Wednesday, Dec. 1, 2010 | 4:26 p.m.
The Economic Forum emerged from its hibernation today, saw two more sour years for the state’s economy and settled that the governor and Legislature will have $5.3 billion in general fund revenue to spend for the next two years unless they raise taxes.
The number is about what state financial expected - somewhere between $5.2 billion and $5.4 billion. But the forum, made up of five appointed business leaders, made official that Gov.-elect Brian Sandoval and then the Legislature will have to balance that with state spending requests at $8.3 billion, which assumes a half billion dollars in furloughs for state workers ends.
“Now the game is on in terms of these are official numbers,” Russell Guindon, a legislative fiscal analyst told the Economic Forum on Wednesday.
The five forum members generally settled on a consensus that Nevada would not see any rapid recovery, and certainly no return to the salad days of 2006 and 2007.
Visitor volume to the Strip would increase, but folks wouldn't gamble or spend like they used to.
“This could be our Great Depression,” said John Restrepo, chairman of the Economic Forum and a private fiscal analyst. Changes in how consumers spend their money “could make this a game-changer for awhile.”
New Economic Forum member Andrew Martin, a CPA, said he wanted to be a bit more pessimistic than his colleagues, but said he was generally comfortable with the forecast.
The Legislature created the Economic Forum, which is appointed by the Governor and Legislative leaders, to take politics out of setting state revenue.
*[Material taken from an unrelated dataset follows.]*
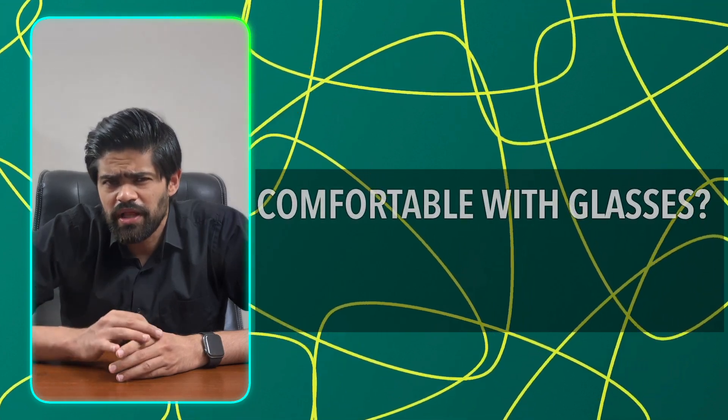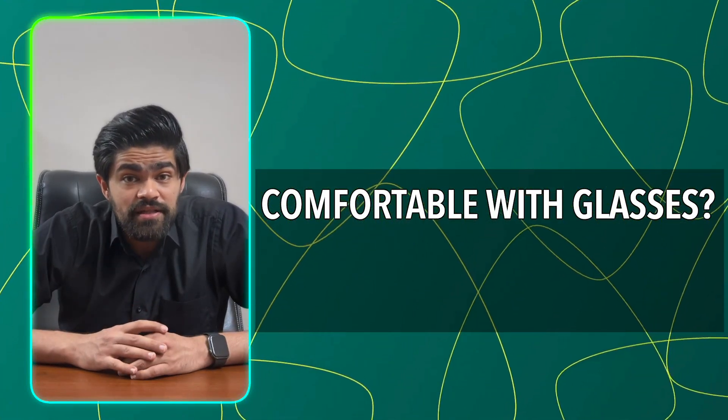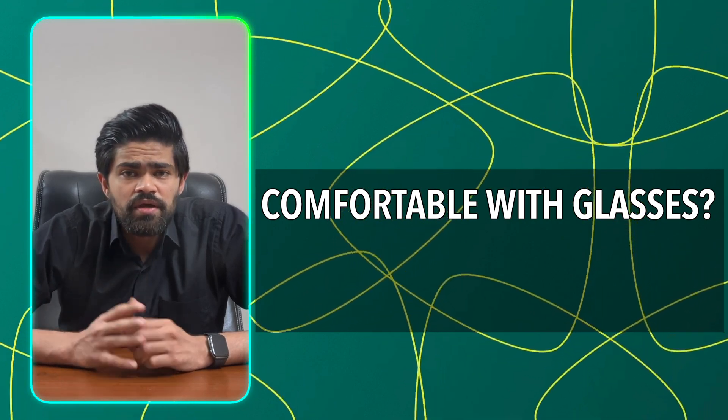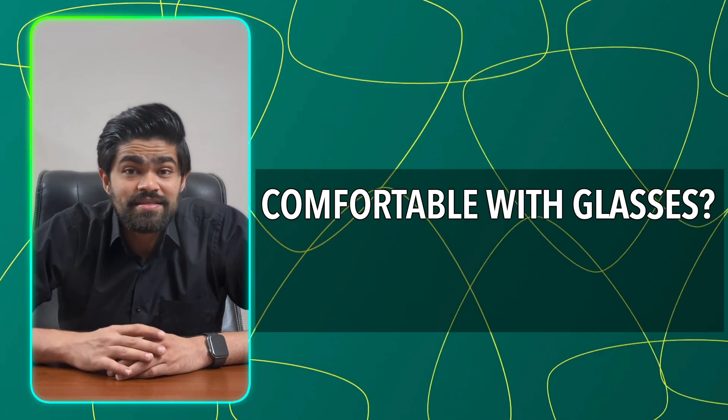Now let's dive into the practical guide to choosing these lenses. Let's answer a series of questions to narrow down the choices. Number one: do you want complete spectacle independence? Ask yourself — are you comfortable with near glasses, far glasses, or maybe both? Not everyone hates glasses, and you may be one of them. If you are okay with glasses, then you have a clear choice: the time-tested monofocal lens.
Years ago, lawmakers had been known to push a more optimistic viewpoint on how much money the state would get so they could spend more without raising taxes.
Restrepo and other board members said no one has tried to influence the work of the nonpartisan panel.
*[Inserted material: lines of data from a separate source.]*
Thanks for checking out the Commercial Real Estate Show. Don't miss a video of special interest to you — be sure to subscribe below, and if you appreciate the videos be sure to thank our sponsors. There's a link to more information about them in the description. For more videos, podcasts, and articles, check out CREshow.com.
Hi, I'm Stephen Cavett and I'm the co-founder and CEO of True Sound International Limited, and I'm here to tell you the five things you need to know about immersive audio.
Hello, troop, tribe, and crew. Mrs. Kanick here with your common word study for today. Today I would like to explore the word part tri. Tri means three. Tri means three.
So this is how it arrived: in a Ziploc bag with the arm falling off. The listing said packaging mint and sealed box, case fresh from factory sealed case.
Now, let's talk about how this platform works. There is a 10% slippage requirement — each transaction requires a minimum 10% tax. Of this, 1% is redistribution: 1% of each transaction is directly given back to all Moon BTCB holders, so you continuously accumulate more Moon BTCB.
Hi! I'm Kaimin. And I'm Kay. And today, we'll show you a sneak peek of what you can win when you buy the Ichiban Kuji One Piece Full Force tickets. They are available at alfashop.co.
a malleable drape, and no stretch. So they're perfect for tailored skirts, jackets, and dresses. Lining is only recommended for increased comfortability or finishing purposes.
Like other experts, the Economic Forum members struggled initially to forecast just how bad Nevada’s economy and tax revenue would get. Since 2008, there have been three special sessions to readjust for downward revenue.
But since February, the board members on the commission have been about right, even a little conservative, on their predictions.
Their new forecast has the current fiscal year ending with about $80 million more than they had previously predicted.